Die Coronapandemie traf Kelly Reichardts First Cow besonders hart. Der Weg vom Festival-Liebling zum (Programm-)Kino-Hit blieb erst mal versperrt. Jetzt ist der Film, den Reichardt selbst als Heist-Movie bezeichnet, endlich auch in Deutschland zu sehen – bisher exklusiv bei Mubi. Patrick Heidmann hat mit der Regisseurin gesprochen.
 

Miss Reichardt, Ihr Film „First Cow“ war gerade in den US-Kinos angelaufen, als im Frühjahr 2020 der erste Lockdown kam. Wie hart hat Sie das damals getroffen?

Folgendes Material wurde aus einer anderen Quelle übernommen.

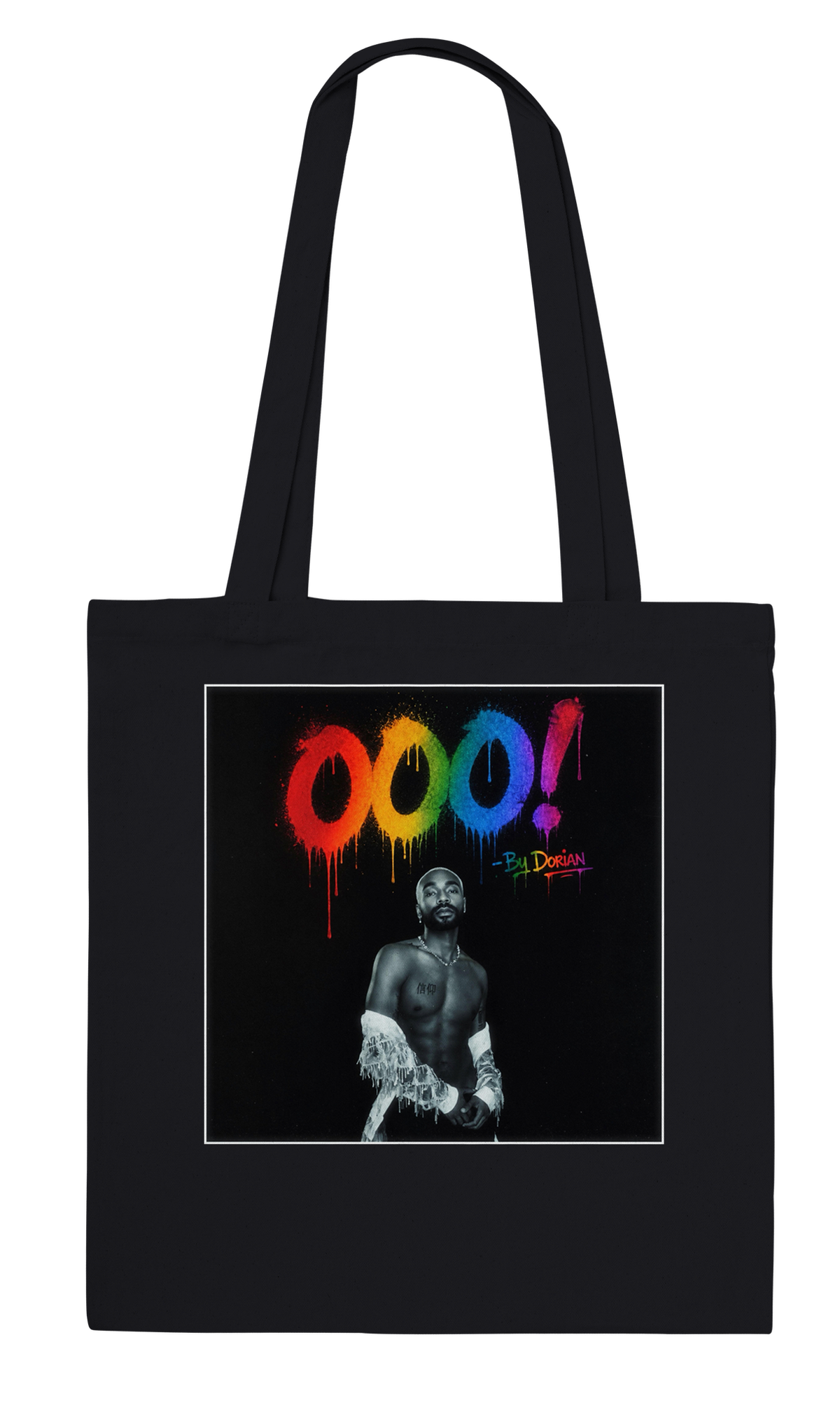 OOO - Tote bag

Im Rückblick staune ich, dass wir selbst anlässlich unserer Berlinale-Premiere damals noch alle dachten, der Film könne ganz normal starten. Eigentlich hätte uns ja klar sein müssen, dass die Kinos geschlossen werden, da führte kein Weg dran vorbei. Aber so lief der Film dann an – und keine Woche später waren die Säle zu. Ich habe das eigentlich ganz gut weggesteckt. So gut sogar, dass sich meine Freunde schon zu wundern begannen. Aber es war einfach so offensichtlich, dass meine Sorgen völlig unbedeutend waren verglichen damit, was auf der Welt passierte. Erst nach und nach hielt dann eine kleine Depression Einzug und ich verbrachte viel Zeit auf meiner Couch. Trotzdem bin ich froh, dass First Cow dann nach und nach und je nach Land auf den unterschiedlichsten Wegen noch sein Publikum gefunden hat.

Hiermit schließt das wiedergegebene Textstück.